### Work item
Set down exactly the lines of the records from the top to the line containing "Bottega Veneta Medium"; include both.

### Supplied records
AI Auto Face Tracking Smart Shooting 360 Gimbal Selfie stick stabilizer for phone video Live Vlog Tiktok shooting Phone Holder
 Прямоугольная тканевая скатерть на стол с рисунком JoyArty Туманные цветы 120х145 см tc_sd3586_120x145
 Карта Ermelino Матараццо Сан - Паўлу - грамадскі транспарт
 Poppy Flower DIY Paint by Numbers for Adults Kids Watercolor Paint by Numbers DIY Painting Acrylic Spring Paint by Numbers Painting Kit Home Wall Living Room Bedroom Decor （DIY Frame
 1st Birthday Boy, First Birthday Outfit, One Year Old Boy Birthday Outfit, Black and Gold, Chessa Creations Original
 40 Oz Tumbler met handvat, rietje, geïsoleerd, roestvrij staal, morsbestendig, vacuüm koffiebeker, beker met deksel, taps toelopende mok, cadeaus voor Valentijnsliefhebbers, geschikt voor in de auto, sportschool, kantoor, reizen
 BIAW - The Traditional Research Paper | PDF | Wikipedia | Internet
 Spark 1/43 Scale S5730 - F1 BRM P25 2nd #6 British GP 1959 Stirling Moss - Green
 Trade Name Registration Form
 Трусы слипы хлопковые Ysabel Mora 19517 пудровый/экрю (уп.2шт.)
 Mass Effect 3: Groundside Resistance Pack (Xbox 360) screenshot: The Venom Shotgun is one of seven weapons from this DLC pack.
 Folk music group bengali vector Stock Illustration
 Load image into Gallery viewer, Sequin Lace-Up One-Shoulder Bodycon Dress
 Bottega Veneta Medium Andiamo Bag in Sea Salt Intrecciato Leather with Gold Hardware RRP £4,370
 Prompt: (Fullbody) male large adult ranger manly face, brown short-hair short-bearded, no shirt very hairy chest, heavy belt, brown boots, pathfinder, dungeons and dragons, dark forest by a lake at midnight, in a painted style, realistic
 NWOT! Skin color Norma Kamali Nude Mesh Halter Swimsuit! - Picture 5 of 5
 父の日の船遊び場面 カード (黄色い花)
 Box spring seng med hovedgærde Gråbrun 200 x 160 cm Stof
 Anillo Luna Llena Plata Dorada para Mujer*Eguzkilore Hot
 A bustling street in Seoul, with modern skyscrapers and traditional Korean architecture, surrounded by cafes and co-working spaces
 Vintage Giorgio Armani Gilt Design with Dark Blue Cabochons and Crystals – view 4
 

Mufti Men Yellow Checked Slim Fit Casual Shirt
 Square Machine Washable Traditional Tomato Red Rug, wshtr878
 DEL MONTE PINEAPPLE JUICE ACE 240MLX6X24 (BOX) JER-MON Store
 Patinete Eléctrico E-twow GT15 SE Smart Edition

### Answer section
AI Auto Face Tracking Smart Shooting 360 Gimbal Selfie stick stabilizer for phone video Live Vlog Tiktok shooting Phone Holder
 Прямоугольная тканевая скатерть на стол с рисунком JoyArty Туманные цветы 120х145 см tc_sd3586_120x145
 Карта Ermelino Матараццо Сан - Паўлу - грамадскі транспарт
 Poppy Flower DIY Paint by Numbers for Adults Kids Watercolor Paint by Numbers DIY Painting Acrylic Spring Paint by Numbers Painting Kit Home Wall Living Room Bedroom Decor （DIY Frame
 1st Birthday Boy, First Birthday Outfit, One Year Old Boy Birthday Outfit, Black and Gold, Chessa Creations Original
 40 Oz Tumbler met handvat, rietje, geïsoleerd, roestvrij staal, morsbestendig, vacuüm koffiebeker, beker met deksel, taps toelopende mok, cadeaus voor Valentijnsliefhebbers, geschikt voor in de auto, sportschool, kantoor, reizen
 BIAW - The Traditional Research Paper | PDF | Wikipedia | Internet
 Spark 1/43 Scale S5730 - F1 BRM P25 2nd #6 British GP 1959 Stirling Moss - Green
 Trade Name Registration Form
 Трусы слипы хлопковые Ysabel Mora 19517 пудровый/экрю (уп.2шт.)
 Mass Effect 3: Groundside Resistance Pack (Xbox 360) screenshot: The Venom Shotgun is one of seven weapons from this DLC pack.
 Folk music group bengali vector Stock Illustration
 Load image into Gallery viewer, Sequin Lace-Up One-Shoulder Bodycon Dress
 Bottega Veneta Medium Andiamo Bag in Sea Salt Intrecciato Leather with Gold Hardware RRP £4,370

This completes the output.